What to produce: In the records below, find the line with "Boots Femme - ALMA"; retype that line and all the following lines through the end, exactly, and add nothing.

Data extracts:
□ □ □ □ □ □ □

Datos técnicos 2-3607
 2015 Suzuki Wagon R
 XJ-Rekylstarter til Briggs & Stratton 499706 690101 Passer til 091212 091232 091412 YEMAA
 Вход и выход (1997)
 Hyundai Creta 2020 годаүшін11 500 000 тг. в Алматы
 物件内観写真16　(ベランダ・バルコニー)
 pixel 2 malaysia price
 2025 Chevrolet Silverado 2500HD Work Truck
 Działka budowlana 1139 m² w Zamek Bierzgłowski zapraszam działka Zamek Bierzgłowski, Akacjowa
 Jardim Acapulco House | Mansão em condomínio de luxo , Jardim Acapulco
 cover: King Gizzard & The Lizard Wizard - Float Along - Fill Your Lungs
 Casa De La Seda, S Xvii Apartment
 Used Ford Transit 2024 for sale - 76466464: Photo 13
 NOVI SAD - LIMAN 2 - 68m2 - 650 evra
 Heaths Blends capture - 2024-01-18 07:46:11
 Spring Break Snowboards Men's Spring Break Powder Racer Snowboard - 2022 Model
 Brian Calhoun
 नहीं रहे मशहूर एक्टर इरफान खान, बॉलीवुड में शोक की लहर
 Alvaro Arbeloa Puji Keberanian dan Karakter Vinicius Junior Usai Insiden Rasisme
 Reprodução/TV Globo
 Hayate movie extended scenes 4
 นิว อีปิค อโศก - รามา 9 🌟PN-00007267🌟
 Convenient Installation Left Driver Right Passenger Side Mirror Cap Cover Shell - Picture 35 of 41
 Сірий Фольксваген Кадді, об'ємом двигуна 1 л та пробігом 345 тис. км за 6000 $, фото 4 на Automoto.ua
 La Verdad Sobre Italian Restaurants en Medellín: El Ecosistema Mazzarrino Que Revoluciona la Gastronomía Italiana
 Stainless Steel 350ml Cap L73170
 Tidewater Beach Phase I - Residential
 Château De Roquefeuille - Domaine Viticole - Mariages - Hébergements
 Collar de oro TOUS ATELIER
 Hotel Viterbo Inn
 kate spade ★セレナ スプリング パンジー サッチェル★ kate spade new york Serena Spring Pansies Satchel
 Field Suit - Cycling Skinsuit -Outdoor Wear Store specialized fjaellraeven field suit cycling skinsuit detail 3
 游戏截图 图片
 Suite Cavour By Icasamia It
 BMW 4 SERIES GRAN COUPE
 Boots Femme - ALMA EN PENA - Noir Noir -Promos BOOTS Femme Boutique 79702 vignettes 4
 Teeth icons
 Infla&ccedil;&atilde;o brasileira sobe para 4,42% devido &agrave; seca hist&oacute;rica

□ □ □ □ □ □ □

Solution to this exercise:
 Boots Femme - ALMA EN PENA - Noir Noir -Promos BOOTS Femme Boutique 79702 vignettes 4
 Teeth icons
 Infla&ccedil;&atilde;o brasileira sobe para 4,42% devido &agrave; seca hist&oacute;rica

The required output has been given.